What's the purpose of looping "xorl %edx,%eax; shrl $1,%edx"?

Question

I have the following x86 assembly code:

  movl   8(%ebp), %edx  //get an argument from the caller
  movl   $0, %eax
  testl  %edx, %edx
  je     .L1            
.L2:                   // what's the purpose of this loop body?
  xorl   %edx, %eax
  shrl   $1, %edx
  jne    .L2
.L1:
  andl   $1, %eax

The corresponding C code that the textbook gives as follows

int f1(unsigned x)
{
    int y = 0;
    while(x != 0) {
        __________;
    }
    return __________;
 }

The book asks readers to fill the blank and answer the question of "What does it do?"

I can't combine the loop body in one C expression. I can tell what the loop body does, but I have no idea about its purpose. The textbook also says that %eax here stores the return value. So...what's the purpose of

andl  $1, %eax

I also have no idea.

`xorl` is an xor (`^`) operation, while `shrl` is a right shift (`>>`)... — Chris Dodd, Aug 11 '16 at 03:04
@ChrisDodd: I think the OP knows that, but didn't put the pieces together of looking at just the low bit of the register that the loop updates. — Peter Cordes, Aug 11 '16 at 03:34
@PeterCordes If the original poster knew that he would be able determine the equivalent C expression. You don't actually need to know the purpose the code to fill in the blanks. — Ross Ridge, Aug 11 '16 at 03:42
@RossRidge: I think they were stuck on trying to do it with a single C expression, rather than `y ^= x; x>>=1;` on one line.

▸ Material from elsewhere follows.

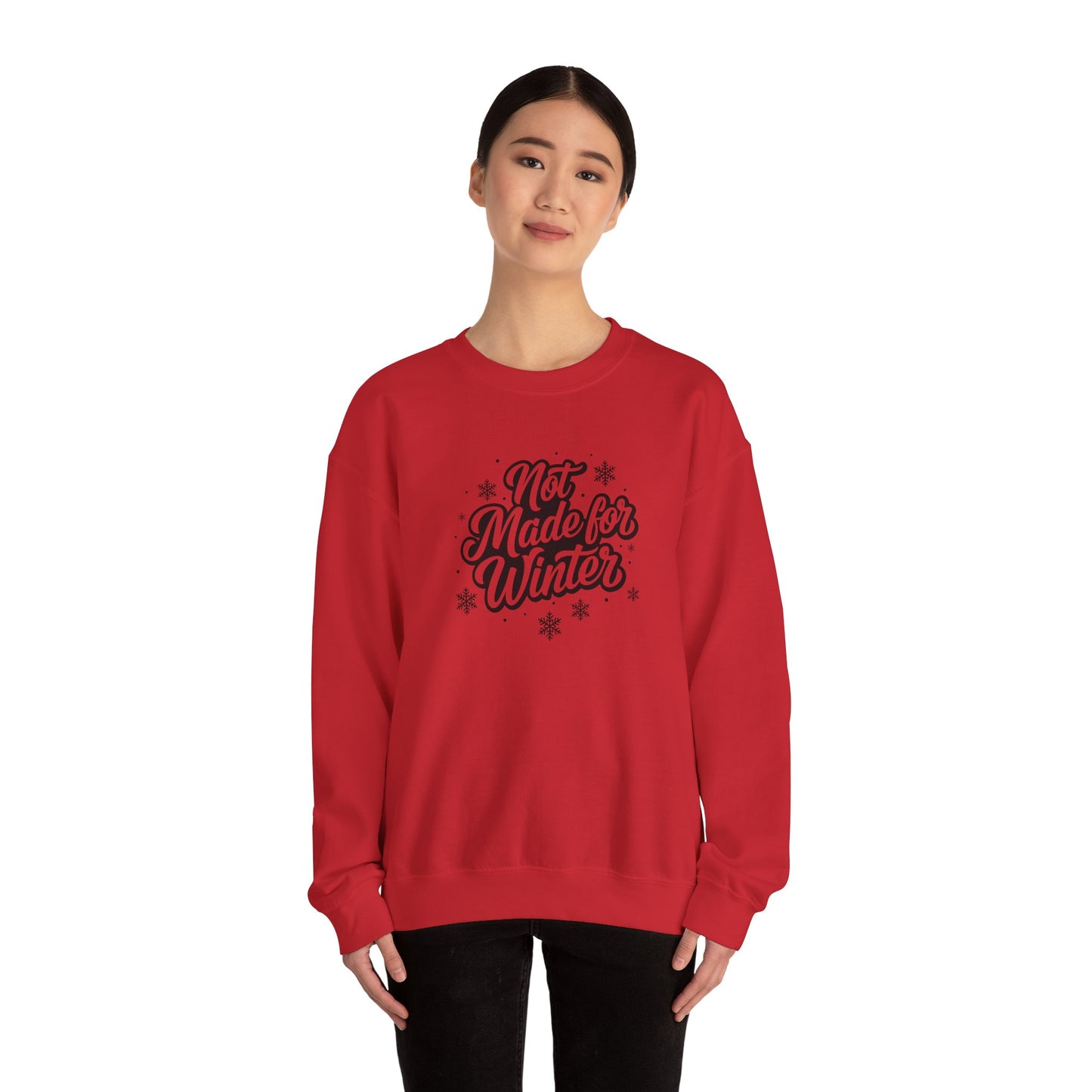 'Not Made for Winter' Women's Crewneck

Or am I also missing some single-expression way to express that in C (i.e. not the comma operator or separate statements.) Of course, the reason I upvoted is for trying to grok what the function *does*, not just how to solve the fill-in-the-blank homework decompile question. — Peter Cordes, Aug 11 '16 at 03:46

score 6 · Accepted Answer · edited May 23 '17 at 12:22

It looks like the purpose of the whole loop is to XOR all the bits together in the 32-bit arg. i.e. calculate the parity.

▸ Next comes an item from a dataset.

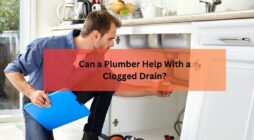 Can a Plumber Help With a Clogged Drain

Working backwards from the last instruction (and $1,%eax), we know that only the low bit of the result matters.

With that in mind, the xor %edx,%eax becomes clearer: xor the current low bit of %edx into %eax. The high garbage doesn't matter.

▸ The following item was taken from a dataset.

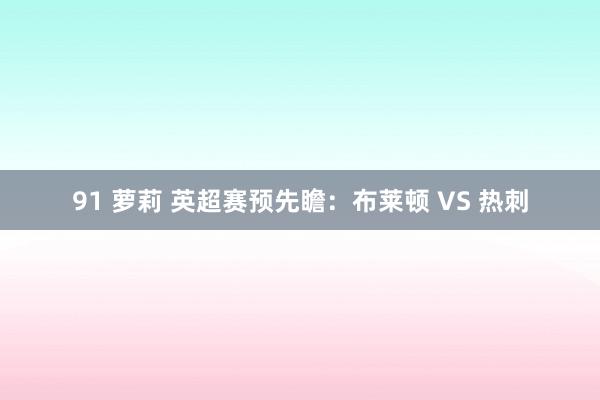 91 萝莉 英超赛预先瞻：布莱顿 VS 热刺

The shr loops until all of x's bits have been shifted out. We could always loop 32 times to get all the bits, but that would be less efficient than stopping once x is 0. (Because of how XOR works, we don't need to actual XOR in the 0 bits; that has no effect.)

Once we know what the function does, filling in the C becomes an exercise in clever / compact C syntax. I thought at first that y ^= (x>>=1); would fit inside the loop, but that shifts x before using it the first time.

The only way I see to do it in one C statement is with the , operator (which does introduce a sequence point, so it's safe to read x on the left side and modify it on the right side of a ,). So, y ^= x, x>>=1; fits.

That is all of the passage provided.